There are three things we wanted, according to the Financial Review and The Australian: dairy access, beef access and sugar access. As you're well aware, I represent a major part of the Australian beef industry. We always got a fair go from America. I really can't complain. As to why we needed some extra access, I don't really know, because I've never received a complaint about access into the United States. I've represented probably the biggest beef area in Australia for almost 50 years and I've never received a single complaint. So forget about beef. The benefit to the Australian dairy industry was one ice cream per week for every dairy farmer. That was the benefit they got out of it. Nothing! And the sugar industry was wiped completely. So we got nothing out of it; they got everything they wanted.
This is the manifestation of the sycophantic nature of this place. They we there grovelling to the white fellas 250 years ago. Now they're grovelling to the big corporates. You're watching the corporate colonisation of our country. I applaud the member. We may disagree violently on many things, but I applaud him and the member for Hobart for their strong stand and consistent stand. History will vindicate us and history will condemn the rest of you.
I don't know whether government or Labor are going to rise to speak on this, but I do have a question for the minister about ISDS clauses. I made a comment during my contribution in the substantive debate which goes to the ISDS clauses which wasn't rebutted by the minister, so I'm going to ask again if it's true. In our reading of these ISDS clauses that the Liberals and Labor are about to tick off on, the Peru one contains a specific mention of tobacco, the Hong Kong one contains a specific mention of tobacco, but there's nothing about tobacco in the Indonesia agreement. Is that right?
I think that has belled the cat, because in the Hong Kong agreement and in the Peru agreement there is mention of both health and tobacco but in the Indonesia agreement there is only mention of health, not of tobacco. If and when the first suit hits Australia—you have been put on notice, Labor and Liberal; you have been put on notice about the deficiency of these ISDS clauses.
We have the opportunity to do something about it right here—not just about tobacco but about the agreements in general. We can say, 'Go back and renegotiate.' I understand that people are hanging their hats a lot on the letter from the minister saying he is going to ask for the old Indonesian agreement to be terminated. But what if Indonesia say no? What if they never get around to it? What if the first action is taken before they get around to it? We have the capacity here to do something about it. We don't have to wait for a change of government or another election. We can do something here and now to say that big corporates should not be allowed to sue the Australian government about the things that matter to us.
So let's just pass this very simple amendment.

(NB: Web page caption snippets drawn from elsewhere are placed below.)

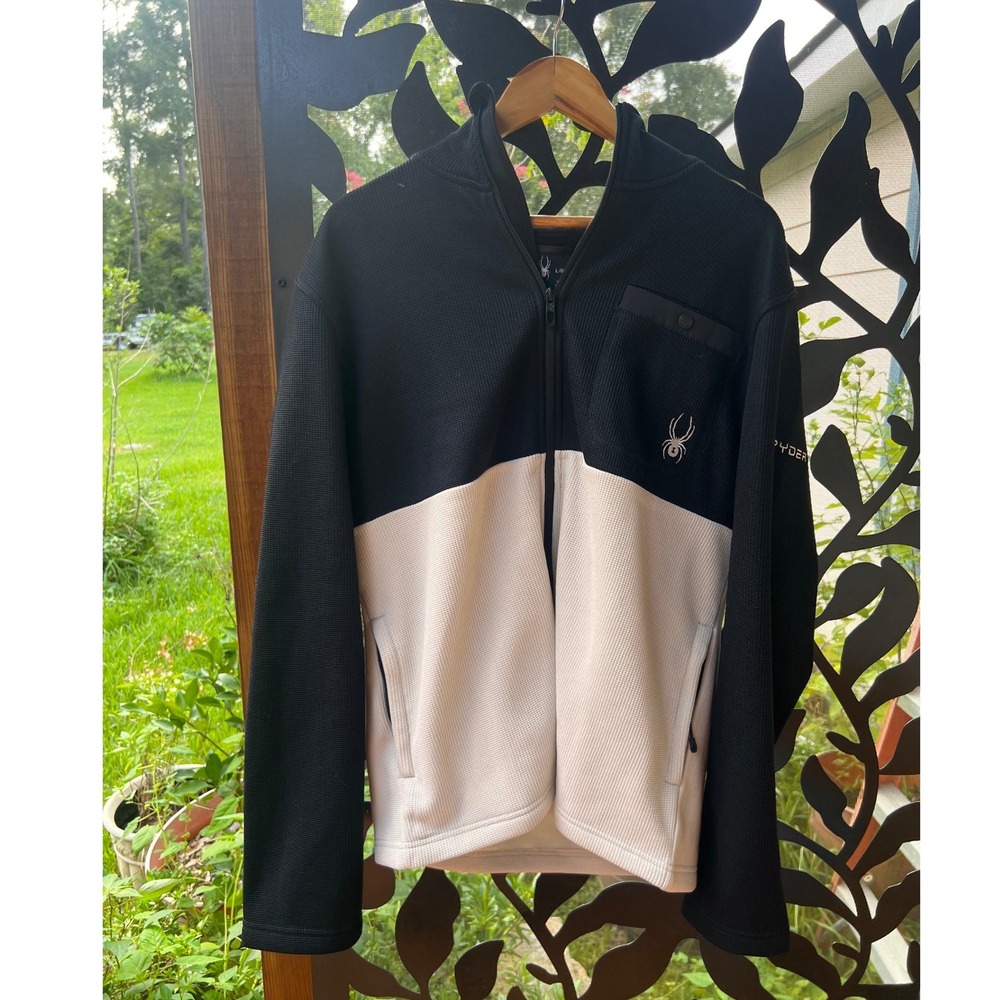 Spyder Mens Full Zip Waffle Knit Fleece Jacket Black White Colorblock Large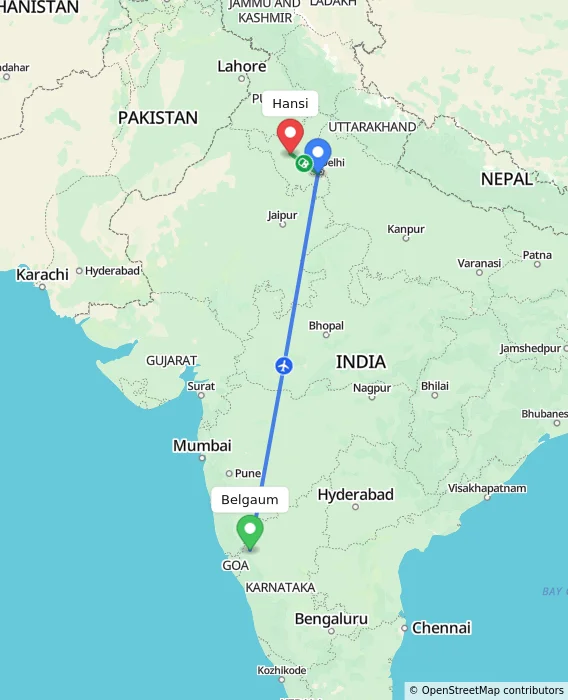 Route map showing distance and travel time from Belgaum, India to Hansi, India
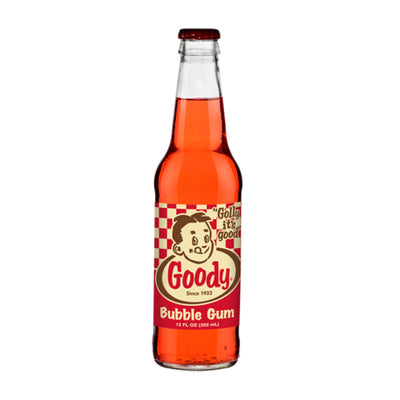 Glass bottle of Goody Bubble Gum soda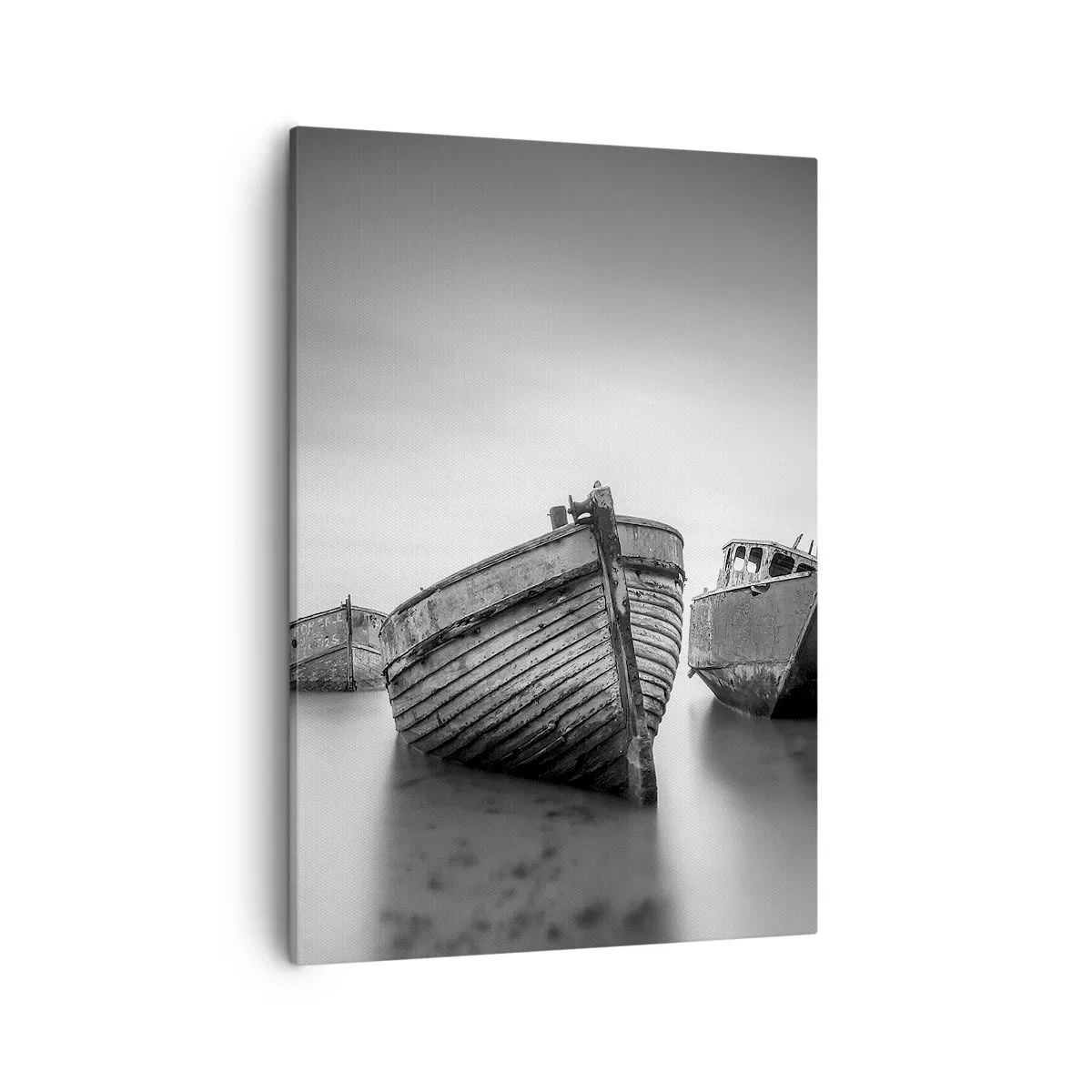Cuadro sobre lienzo - Impresión de Imagen - Barcos abandonados en aguas tranquilas - 50x70cm - Ahora solo quedan los recuerdos... - Decoración de pared moderna para salón y dormitorio ARTTOR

It allows Labor and the Liberals to have their trade deals that they are both wedded to. They can still have them and still get their corporate donations from the same corporations that are going to benefit from them. They can still go and suck at their teat, if that's what they want to do. But at least pass an amendment here and now that says big corporations cannot sue the Australian government, like we've seen with governments around the world, because we take action around minimum wage, around tobacco, around protecting Indigenous Australians and around the environment.
I'll only take a couple of minutes of the chamber's time. Centre Alliance, formerly the Nick Xenophon Team, has had a very longstanding concern with ISDS provisions. We should not give multinationals the green light to sue our nation over our laws that we make in the best interests of Australians.
I will briefly touch upon the Philip Morris v Australia case from 2011. That took four years to resolve. That cost taxpayers time and money. The reason for that is Philip Morris thought they could use ISDS provisions to sue Australia for its plain packaging of cigarettes. Many countries are now looking at ISDS provisions and realising that they are not in their nations' interests, and I would urge the government to very strongly consider removing any ISDS provisions from any free trade agreement that we are about to decide and sign as a nation. We should never allow multinationals to have rule and control over what happens in this parliament. This parliament should only be for the benefit of Australians, for laws for Australians, and we should not allow multinationals to get in between.
I will take even less time than the member for Mayo. It would be wrong of me to not take this opportunity to point out that the whole issue of ISDS is particularly relevant to my home state of Tasmania. We're obviously a small state with a small economy—a state government with a small budget and small financial resources—but we are one of the six states of the Commonwealth, and we should have equal standing with the other states. But in this regard, when it comes to investor-state disputes, we are particularly disadvantaged. What would happen if a large foreign company was to try and sue the Tasmanian government for its GM-free status. There is every chance that that foreign company would have the resources of, or more resources than, the Tasmanian state government. What would happen if a foreign company wanted to sue the Tasmanian government because of its extra-tough quarantine requirements on its aquaculture? Chances are that that foreign company would have every advantage over the Tasmanian government; it could, in fact, have more financial resources than the Tasmanian government.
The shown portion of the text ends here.